What you have to do - Provide an exact repetition of every entry, with no word altered.

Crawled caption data
== Segment start ==
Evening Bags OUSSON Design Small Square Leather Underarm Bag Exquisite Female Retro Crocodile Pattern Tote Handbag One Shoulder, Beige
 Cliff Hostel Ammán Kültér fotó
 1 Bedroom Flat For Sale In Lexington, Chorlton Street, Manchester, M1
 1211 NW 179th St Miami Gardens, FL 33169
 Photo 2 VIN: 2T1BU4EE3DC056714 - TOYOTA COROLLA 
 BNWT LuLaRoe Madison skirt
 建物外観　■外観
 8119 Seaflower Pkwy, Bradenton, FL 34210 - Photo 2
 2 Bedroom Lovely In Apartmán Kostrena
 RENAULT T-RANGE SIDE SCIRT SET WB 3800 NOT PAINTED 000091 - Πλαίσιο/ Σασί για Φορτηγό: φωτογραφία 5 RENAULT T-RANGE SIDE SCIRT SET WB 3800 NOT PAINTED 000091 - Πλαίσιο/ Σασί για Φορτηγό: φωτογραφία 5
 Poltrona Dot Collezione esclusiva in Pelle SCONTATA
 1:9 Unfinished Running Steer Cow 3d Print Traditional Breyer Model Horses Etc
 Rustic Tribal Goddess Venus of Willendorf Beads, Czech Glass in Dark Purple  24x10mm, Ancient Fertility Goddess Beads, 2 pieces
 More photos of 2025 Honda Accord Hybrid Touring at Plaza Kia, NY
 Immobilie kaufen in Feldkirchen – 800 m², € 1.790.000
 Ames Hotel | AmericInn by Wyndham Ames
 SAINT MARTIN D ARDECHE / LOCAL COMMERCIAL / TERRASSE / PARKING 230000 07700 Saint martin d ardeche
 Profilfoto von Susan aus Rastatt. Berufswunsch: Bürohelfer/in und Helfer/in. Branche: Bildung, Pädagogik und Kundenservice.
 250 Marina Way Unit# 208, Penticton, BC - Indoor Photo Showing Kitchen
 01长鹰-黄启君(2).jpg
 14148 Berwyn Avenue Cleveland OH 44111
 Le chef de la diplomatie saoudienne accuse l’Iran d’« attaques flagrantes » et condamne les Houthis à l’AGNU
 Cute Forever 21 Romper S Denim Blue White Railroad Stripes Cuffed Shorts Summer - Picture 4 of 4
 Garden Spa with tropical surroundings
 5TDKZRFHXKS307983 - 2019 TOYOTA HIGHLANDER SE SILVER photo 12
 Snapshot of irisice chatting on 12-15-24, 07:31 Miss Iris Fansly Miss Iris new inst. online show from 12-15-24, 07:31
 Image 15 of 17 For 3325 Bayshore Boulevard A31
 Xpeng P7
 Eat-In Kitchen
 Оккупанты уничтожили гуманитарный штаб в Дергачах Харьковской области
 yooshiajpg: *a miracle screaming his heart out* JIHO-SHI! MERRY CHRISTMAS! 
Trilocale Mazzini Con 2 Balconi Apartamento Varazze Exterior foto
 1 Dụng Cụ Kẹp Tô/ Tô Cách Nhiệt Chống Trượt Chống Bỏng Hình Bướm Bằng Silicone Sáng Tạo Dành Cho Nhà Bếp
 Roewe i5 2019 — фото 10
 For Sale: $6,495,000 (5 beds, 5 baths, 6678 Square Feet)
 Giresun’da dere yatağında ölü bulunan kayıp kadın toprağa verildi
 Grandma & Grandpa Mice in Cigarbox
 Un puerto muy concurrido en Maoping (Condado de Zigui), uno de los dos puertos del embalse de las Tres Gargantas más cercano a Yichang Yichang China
== Segment end ==
Solution for this task -
Evening Bags OUSSON Design Small Square Leather Underarm Bag Exquisite Female Retro Crocodile Pattern Tote Handbag One Shoulder, Beige
 Cliff Hostel Ammán Kültér fotó
 1 Bedroom Flat For Sale In Lexington, Chorlton Street, Manchester, M1
 1211 NW 179th St Miami Gardens, FL 33169
 Photo 2 VIN: 2T1BU4EE3DC056714 - TOYOTA COROLLA 
 BNWT LuLaRoe Madison skirt
 建物外観　■外観
 8119 Seaflower Pkwy, Bradenton, FL 34210 - Photo 2
 2 Bedroom Lovely In Apartmán Kostrena
 RENAULT T-RANGE SIDE SCIRT SET WB 3800 NOT PAINTED 000091 - Πλαίσιο/ Σασί για Φορτηγό: φωτογραφία 5 RENAULT T-RANGE SIDE SCIRT SET WB 3800 NOT PAINTED 000091 - Πλαίσιο/ Σασί για Φορτηγό: φωτογραφία 5
 Poltrona Dot Collezione esclusiva in Pelle SCONTATA
 1:9 Unfinished Running Steer Cow 3d Print Traditional Breyer Model Horses Etc
 Rustic Tribal Goddess Venus of Willendorf Beads, Czech Glass in Dark Purple  24x10mm, Ancient Fertility Goddess Beads, 2 pieces
 More photos of 2025 Honda Accord Hybrid Touring at Plaza Kia, NY
 Immobilie kaufen in Feldkirchen – 800 m², € 1.790.000
 Ames Hotel | AmericInn by Wyndham Ames
 SAINT MARTIN D ARDECHE / LOCAL COMMERCIAL / TERRASSE / PARKING 230000 07700 Saint martin d ardeche
 Profilfoto von Susan aus Rastatt. Berufswunsch: Bürohelfer/in und Helfer/in. Branche: Bildung, Pädagogik und Kundenservice.
 250 Marina Way Unit# 208, Penticton, BC - Indoor Photo Showing Kitchen
 01长鹰-黄启君(2).jpg
 14148 Berwyn Avenue Cleveland OH 44111
 Le chef de la diplomatie saoudienne accuse l’Iran d’« attaques flagrantes » et condamne les Houthis à l’AGNU
 Cute Forever 21 Romper S Denim Blue White Railroad Stripes Cuffed Shorts Summer - Picture 4 of 4
 Garden Spa with tropical surroundings
 5TDKZRFHXKS307983 - 2019 TOYOTA HIGHLANDER SE SILVER photo 12
 Snapshot of irisice chatting on 12-15-24, 07:31 Miss Iris Fansly Miss Iris new inst. online show from 12-15-24, 07:31
 Image 15 of 17 For 3325 Bayshore Boulevard A31
 Xpeng P7
 Eat-In Kitchen
 Оккупанты уничтожили гуманитарный штаб в Дергачах Харьковской области
 yooshiajpg: *a miracle screaming his heart out* JIHO-SHI! MERRY CHRISTMAS! 
Trilocale Mazzini Con 2 Balconi Apartamento Varazze Exterior foto
 1 Dụng Cụ Kẹp Tô/ Tô Cách Nhiệt Chống Trượt Chống Bỏng Hình Bướm Bằng Silicone Sáng Tạo Dành Cho Nhà Bếp
 Roewe i5 2019 — фото 10
 For Sale: $6,495,000 (5 beds, 5 baths, 6678 Square Feet)
 Giresun’da dere yatağında ölü bulunan kayıp kadın toprağa verildi
 Grandma & Grandpa Mice in Cigarbox
 Un puerto muy concurrido en Maoping (Condado de Zigui), uno de los dos puertos del embalse de las Tres Gargantas más cercano a Yichang Yichang China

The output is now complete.